No. I still don’t understand any of it, and it was kind of chaotic the way it ambled forward. It’s not a linear thing because my life hasn’t been linear. The only constant for me has been the yoga that I did and that LSD was very important. And you could say I was very lucky that my first subject was my friend Syd Barrett. But how did the rest of it happen? I clearly had some organic intuitive thing, because a lot of the people I took pictures of were not so well known when I shot them.
Do you feel you’ve established a certain look?
It would be foolish to try to analyze it. I’ve never analyzed my photographs. I have a process – an inner process – and I can’t explain it. It looks to me like there’s a bit of high drama at times; I think it’s just that I have an attitude and an obsessive thing. I come out of rock & roll; you can’t have just one style. I’m not a fashion photographer. Even if you look at my Kate Moss pictures, they’re not shot like regular fashion pictures – nor did I intend them that way.
You dedicated the movie to “the timeless genius of David Bowie and Lou Reed.” What about them made you want to do that?
They made an important contribution to the development of my own sensibility. Obviously, I’d shot Barrett probably two-and-a-half years before I ever met David, but I do think that [David and Lou] were also good people. When I was having trouble, they both helped me out financially. They bought my prints. When I was in the hospital for my heart bypass surgery, the first flowers that were there waiting for me were from Lou and David. Not only were they my true friends, they were also my true heroes. My admiration for their work is strong.

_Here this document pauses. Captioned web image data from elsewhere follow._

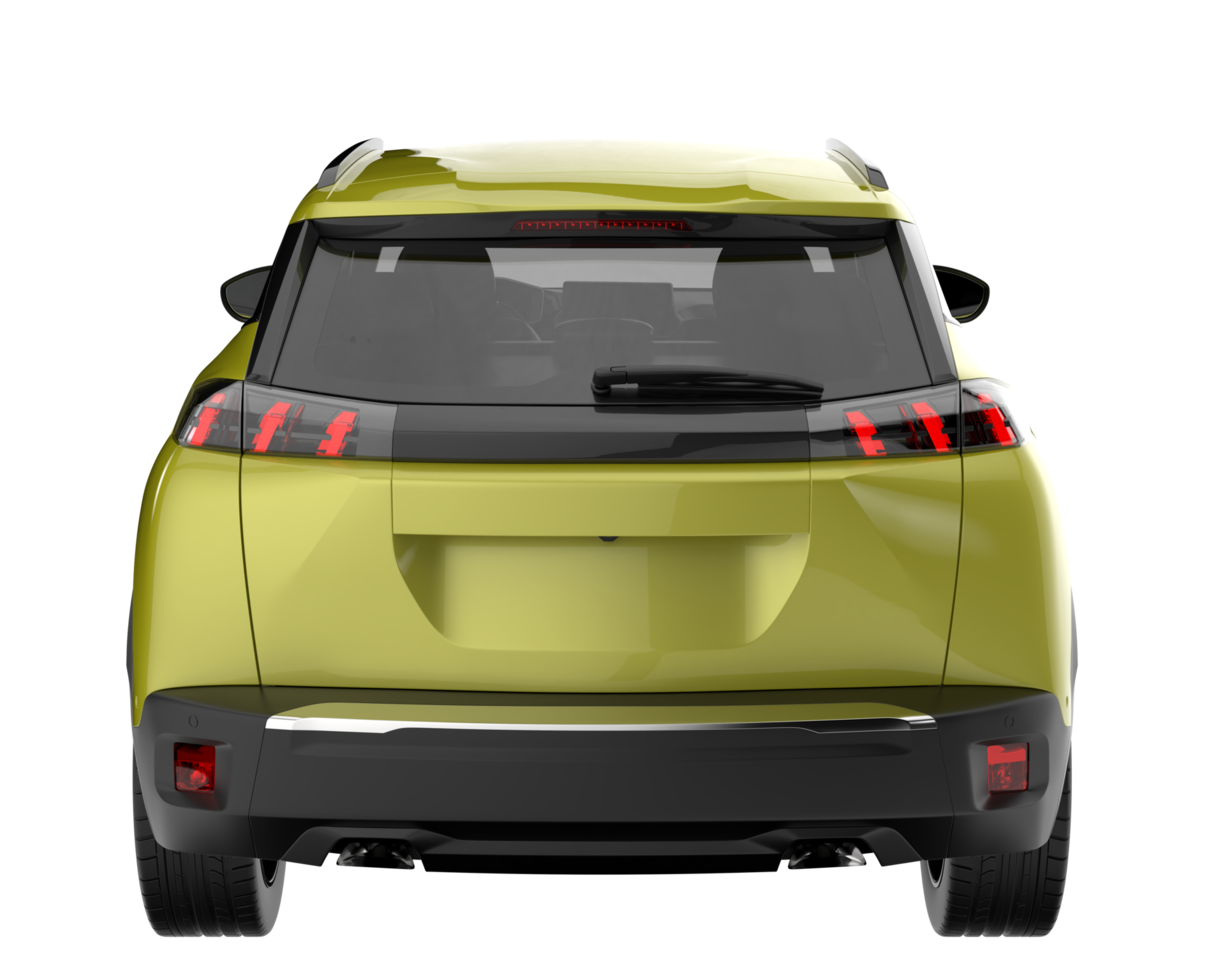 Realistic SUV isolated on transparent background. 3d rendering - illustration png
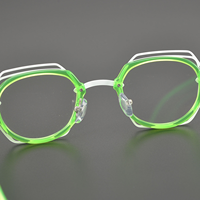 Lunettes de lecture unisexes rétro faites à la main, de bonne qualité, monture octogonale en acétate imprimé, durables, pour adultes, monture intégrale, orange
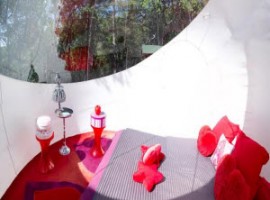The interior of the Glamour Bubble room,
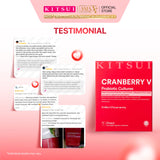 KITSUI Cranberry V Probiotic 17's x 2g | Cranberry Supplement for Women, Intimate Care, Probiotic & Prebiotic, Antioxidant & Daily Wellnes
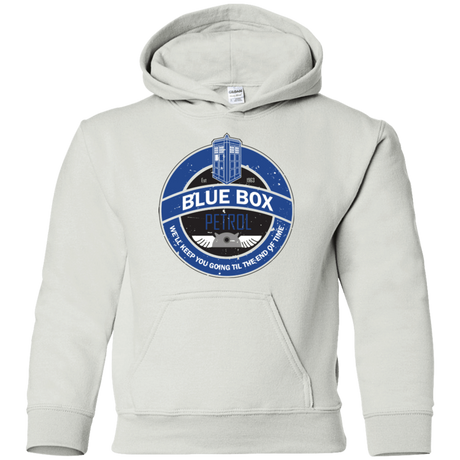 Sweatshirts White / YS Blue Box V7(1) Youth Hoodie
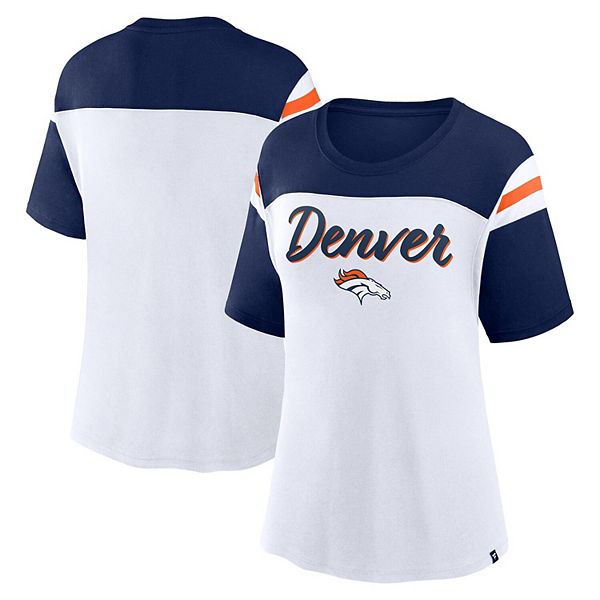 Женская футболка Fanatics Denver Broncos Cheer Chant с короткими рукавами, 50% хлопка Fanatics Brands - White Label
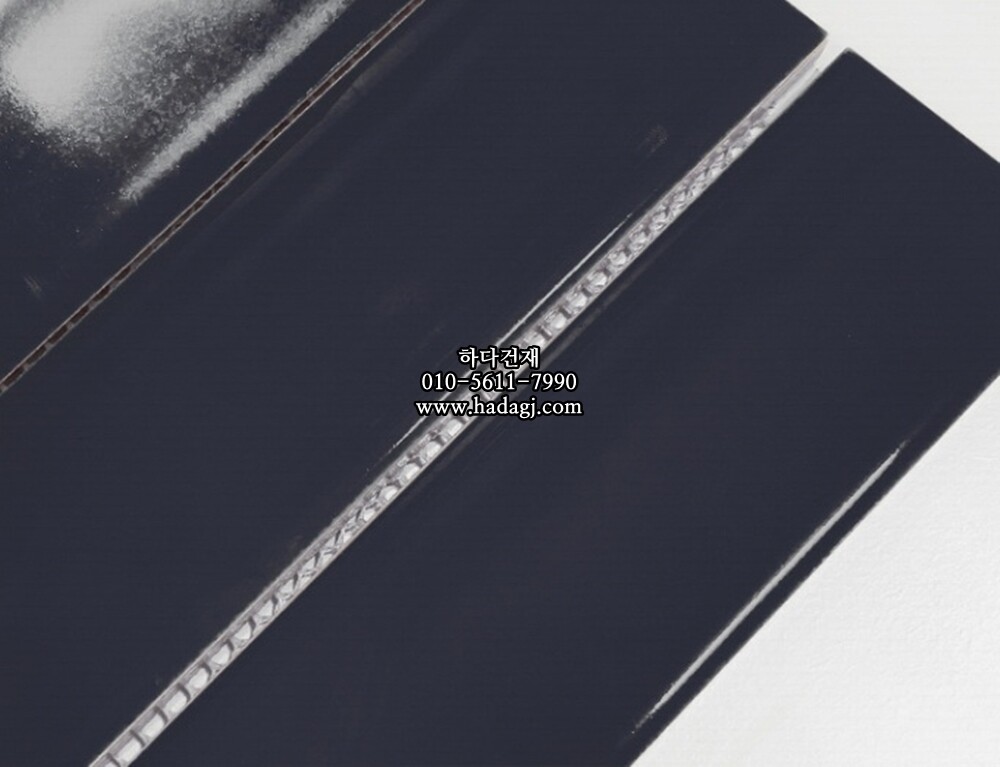 직사각 모자이크타일 45x195x7T 다크네이비 유광 자기질타일 / 하다건재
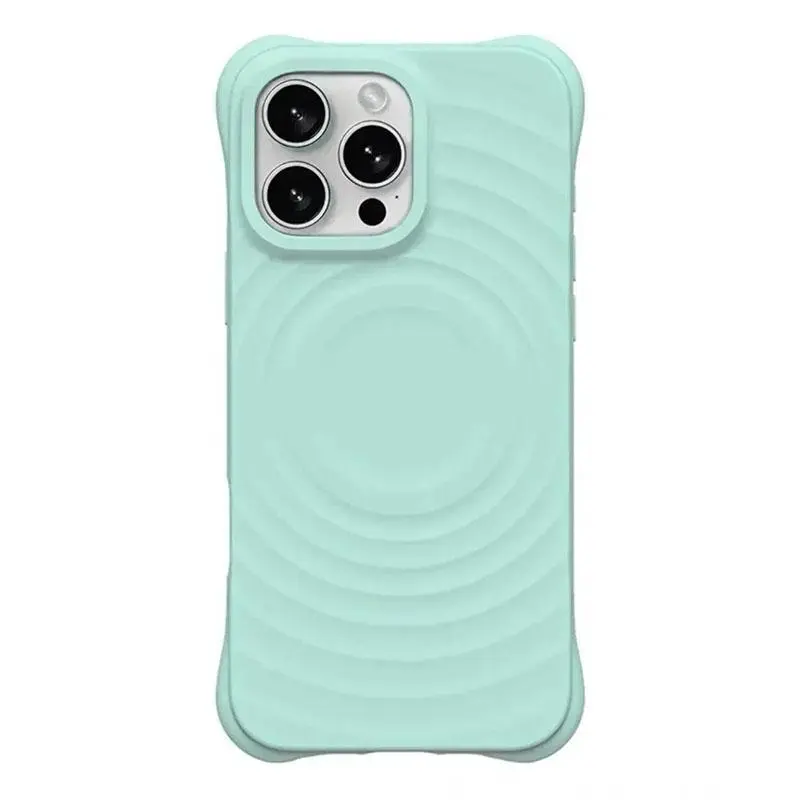 White Ripple Silicone Ripple Silicone Case for IPhone 14 15 16 17 Pro Max Case - Protective Magnetic Case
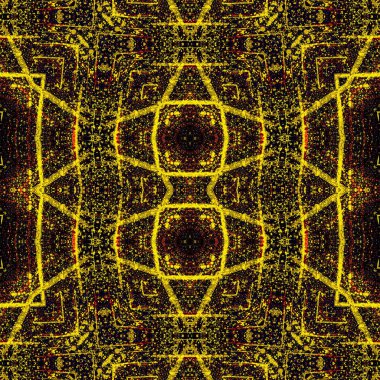 Kusursuz soyut desen. Kusursuz soyut bir arkaplan. Kaotik doku. Mandala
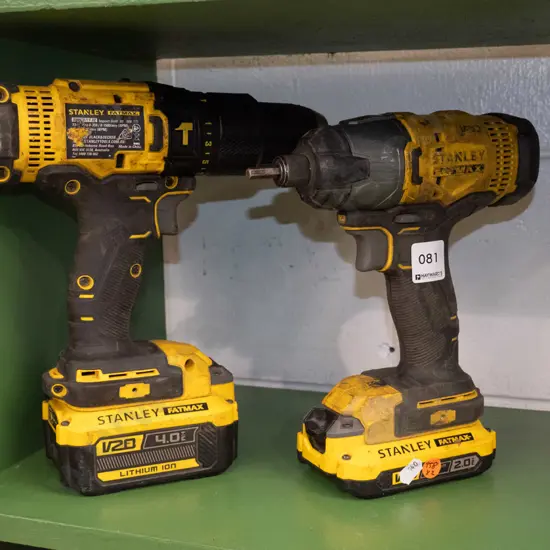 Stanley 20 volt battery drill & impact driver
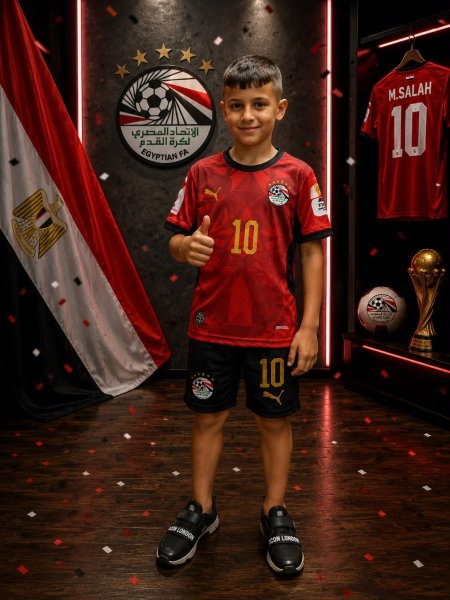 طقم منتخب مصر صلاح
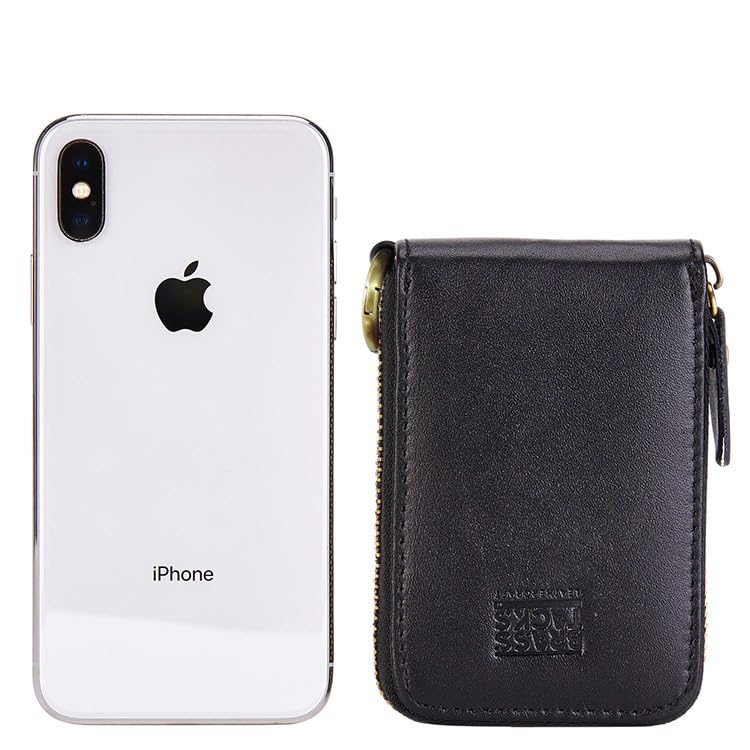 Image of Vintage Full Top Grain Leather Wallet RFID Blocking Multi Card Case with Zipper Pocket Card Holder for Men Women Gift Box (Black|Ring)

What about David made him a good photo subject?
You just couldn’t take a bad picture of David. I didn’t know much about him when I met him. One of the two things David and I exchanged in our first interview was that Syd Barrett was a friend of mine and that David had met Lou and Iggy in New York when he’d gone over to sign an album deal with RCA. So we had those three people in common. Imagine that conversation in 1972 between two guys in their early twenties.
What do you think about how these days anyone with an iPhone thinks they’re Mick Rock?
I love it. Yes, it’s easy for me to take a picture, and I can shoot without thinking too hard about it. I like the modern world, and I like the things you can do with Photoshop. I’ve been able to use it to resurrect some of my early Syd Barrett pictures that looked thin and dark because they just sat around for so many years.
Everyone is a great photographer. In fact, I’ve seen some pictures that my wife and daughter have taken that are so good I tell them that we need to credit me on them – so they’ll be worth more money [laughs].